If you tax corporations less, it will spur growth and overall revenues will improve, but if you say lowering taxes will improve revenues you're crazy.

4 comments:

spencer said...

Lowering taxes on businesses *can* work to spur the economy, but only in particular situations.

An example of where such a policy could work would be one in which demand for a product or service (or even demand for most products and services) is high or increasing, but because of high taxes, businesses lack the cash on hand to expand quickly and meet that demand. If taxes on businesses fall, expansion can occur, and then (hopefully) the taxes brought in from the increased sales will make up for the lower tax rate.

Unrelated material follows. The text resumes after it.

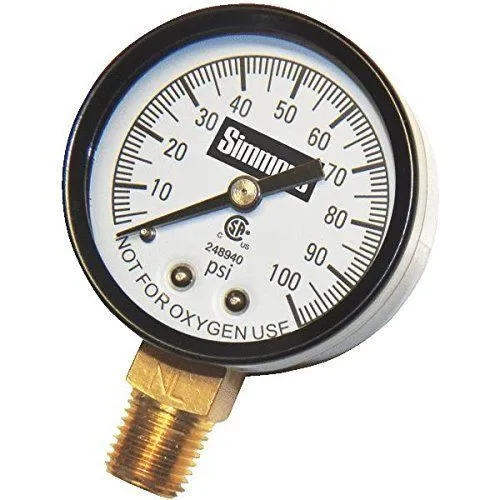 New Simmons 1305 100  Psi 1/4" Lead Free Well Pump Water Pressure Gauge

An example of where such a policy would probably *not* work is one in which demand for goods and services is flagging across the board. If a hypothetical business is only operating at, say 65% of capacity due to a weak economy, the business owner is unlikely to apply any tax break he or she receives to hiring more workers or expanding production (and thus helping to grow the economy). Why would he? The demand just ain't there. Adding production capacity would mean that his business will now be running at 60% capacity instead of 65%. He or she would be much more likely to simply pocket the tax cut, or perhaps invest it overseas.

Of course, my background (and thus outlook) is much more microeconomics-oriented than Big Picture Macroeconomics-oriented, so YMMV.

brad said...

Ah, but she said "corporate taxes", not business taxes. The clear implication, to me at least, is that she doesn't mean make it easier for smaller businesses to scale up, but for large ones to be given further breaks.

spencer said...

Aha, you are correct. I read too quickly. Thanks.

But everything I wrote is still true.